◆ Source data:
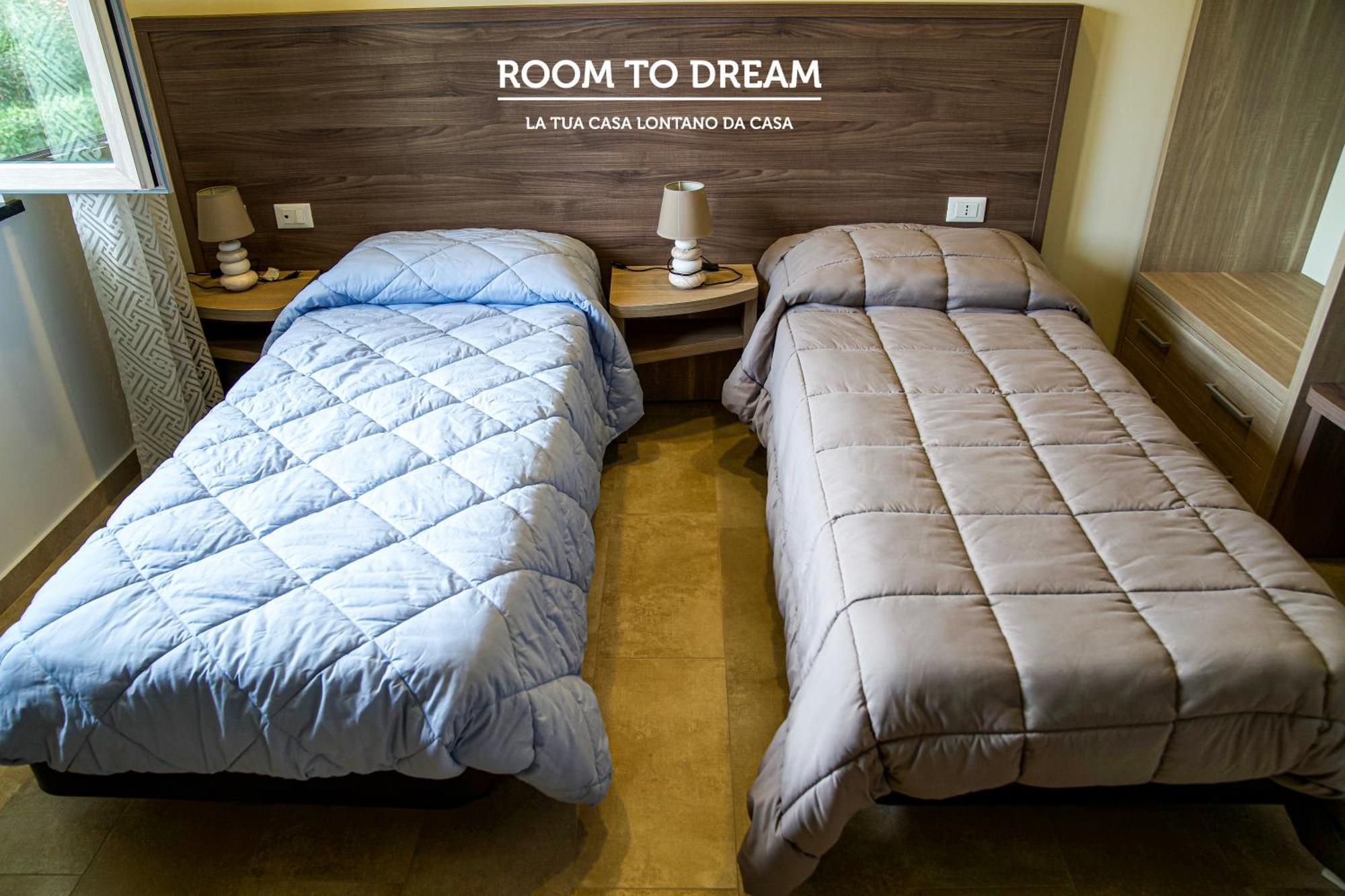 Room To Dream San Valentino Torio Eksteriør bilde
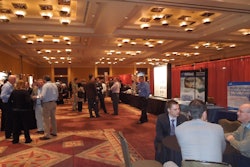HealthPack 2014 in Albuquerque included a number of exhbitor booths.
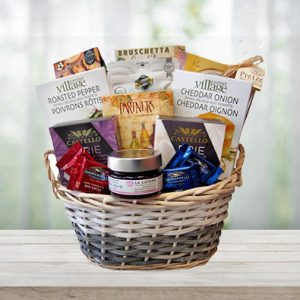 Mothers Day Gourmet Basket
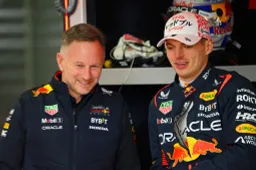 Verstappen kijkt Nederland-Turkije bij Horner: 'Kan een grafstemming worden'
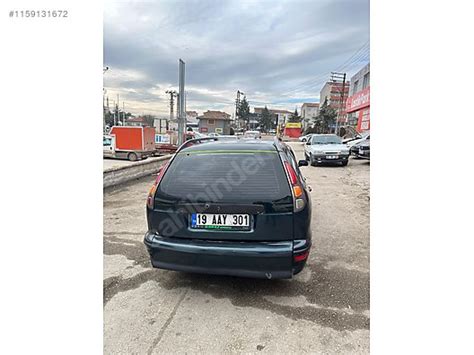 Fiat Marea Exclusive Satlik Araba Sahibinden Comda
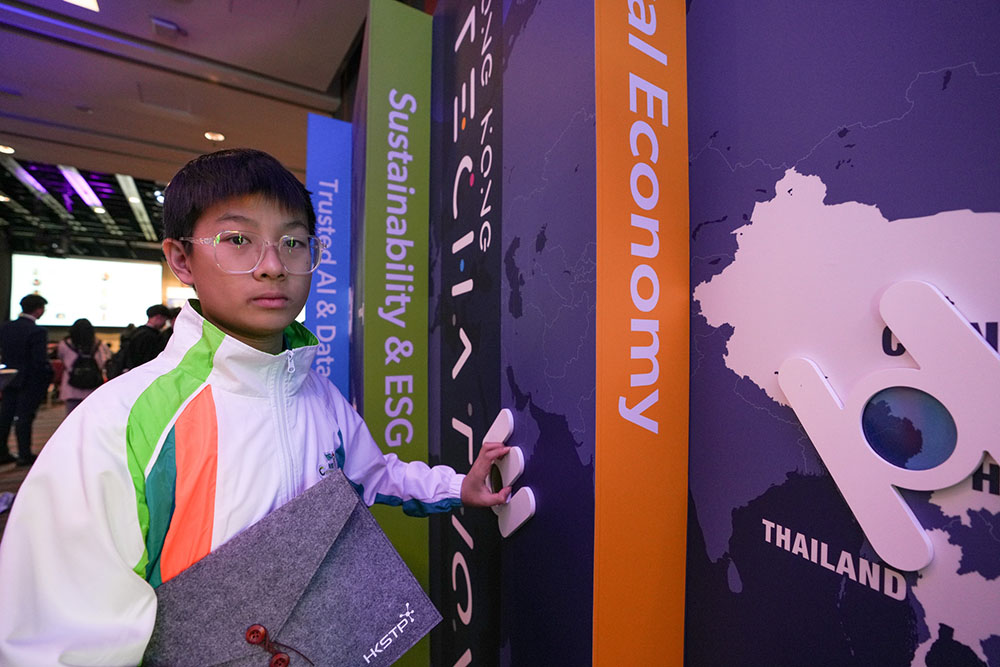 「衝出夢想」創科體驗日-活動花絮6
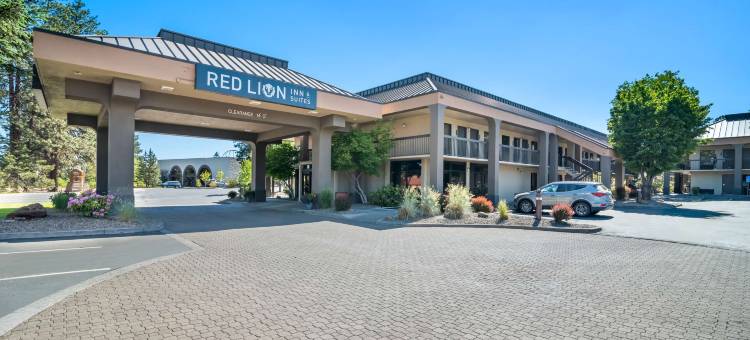 本德德舒特红狮套房酒店(Red Lion Inn & Suites Deschutes River Bend)图片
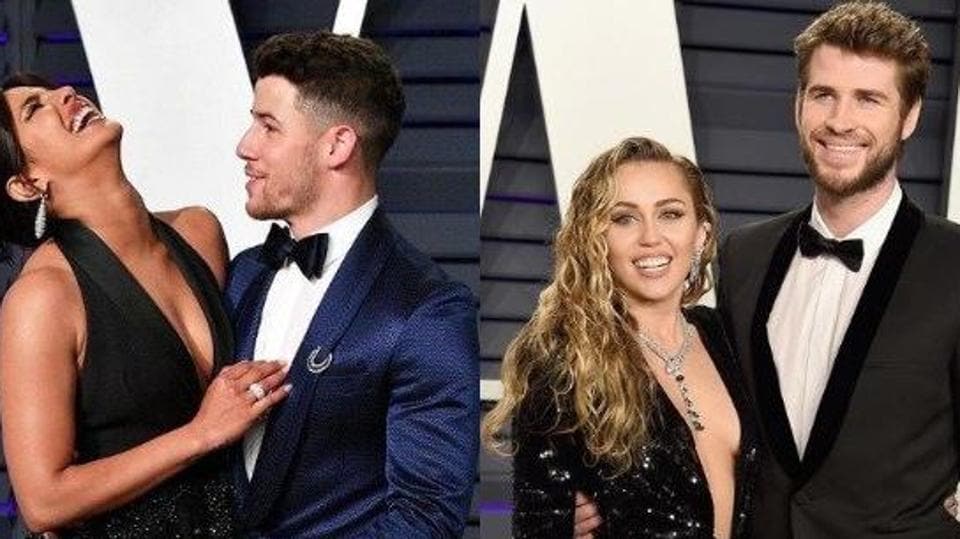 Priyanka Chopra gets a compliment from Nick Jonas’ ex Miley Cyrus and Twitter loves it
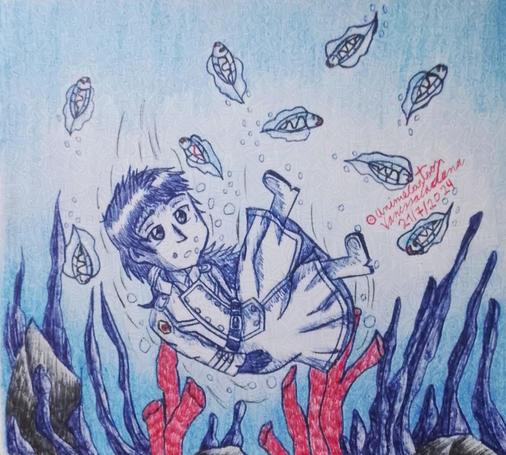 🐟💨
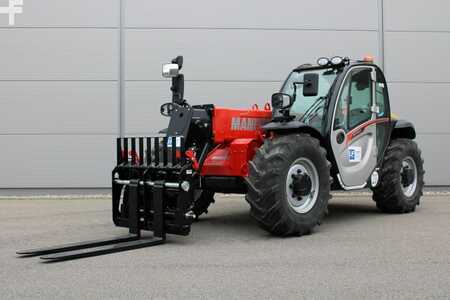 Teleskopstapler-Starr 2025  Manitou MT 730 H Comfort (2)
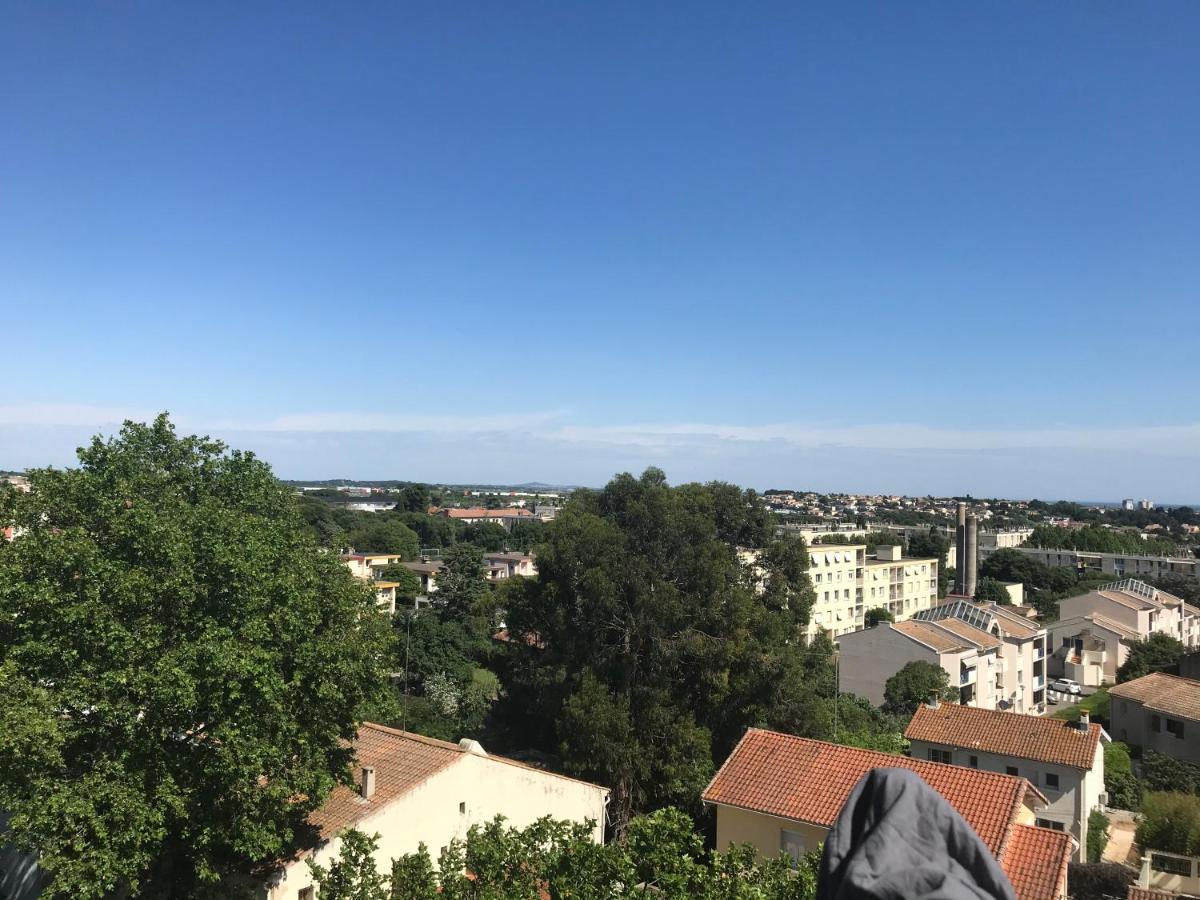 Bel Appartement Avec Vue Et Parking Prive ベジエ エクステリア 写真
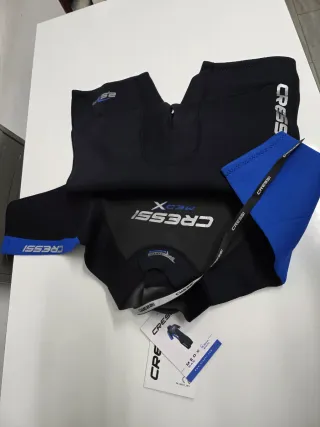 Traje Cressi corto XL BUCEO, PESCA SUBMARINA Man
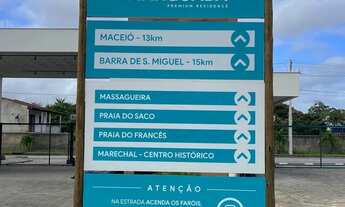 Imagem 6: Lotes para venda a partir de 316 metros quadrados em Barra Nova - Marechal Deodoro - AL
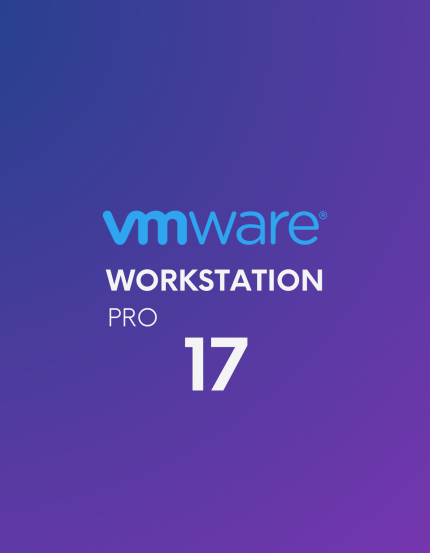 VMWare 17 Pro - GGKeys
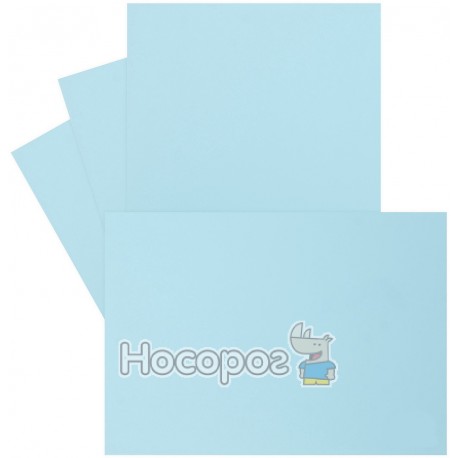 Папір кольоровий SPECTRA COLOR Ocean 120 (пастельний світло-блакитний)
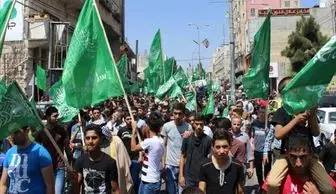 فراخوان حماس برای برگزاری روز " جمعه خشم "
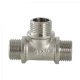 Тройник с наружной резьбой 1/2" Valtec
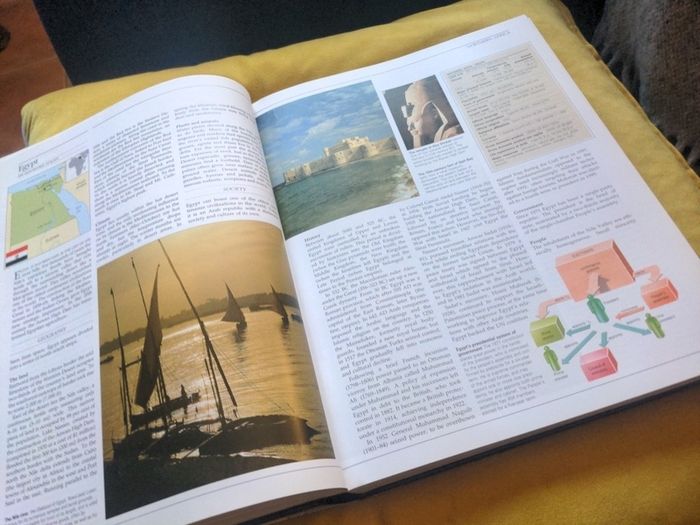 The Encyclopedia of World Geography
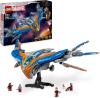Image Le Vaisseau Milan LEGO 76286 Marvel Les Gardiens de la Galaxie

◆ Activity:
Set down every record once more, word for word, without pictures.

◆ Response to this task:
 Room To Dream San Valentino Torio Eksteriør bilde
HealthPack 2014 in Albuquerque included a number of exhbitor booths.
 Mothers Day Gourmet Basket
 Verstappen kijkt Nederland-Turkije bij Horner: 'Kan een grafstemming worden'
 Fiat Marea Exclusive Satlik Araba Sahibinden Comda
 「衝出夢想」創科體驗日-活動花絮6
 本德德舒特红狮套房酒店(Red Lion Inn & Suites Deschutes River Bend)图片
 Priyanka Chopra gets a compliment from Nick Jonas’ ex Miley Cyrus and Twitter loves it
 🐟💨
 Teleskopstapler-Starr 2025  Manitou MT 730 H Comfort (2)
 Bel Appartement Avec Vue Et Parking Prive ベジエ エクステリア 写真
 Traje Cressi corto XL BUCEO, PESCA SUBMARINA Man
 Imagem 6: Lotes para venda a partir de 316 metros quadrados em Barra Nova - Marechal Deodoro - AL
 VMWare 17 Pro - GGKeys
 Папір кольоровий SPECTRA COLOR Ocean 120 (пастельний світло-блакитний)
 فراخوان حماس برای برگزاری روز " جمعه خشم "
 Тройник с наружной резьбой 1/2" Valtec
 The Encyclopedia of World Geography
Image Le Vaisseau Milan LEGO 76286 Marvel Les Gardiens de la Galaxie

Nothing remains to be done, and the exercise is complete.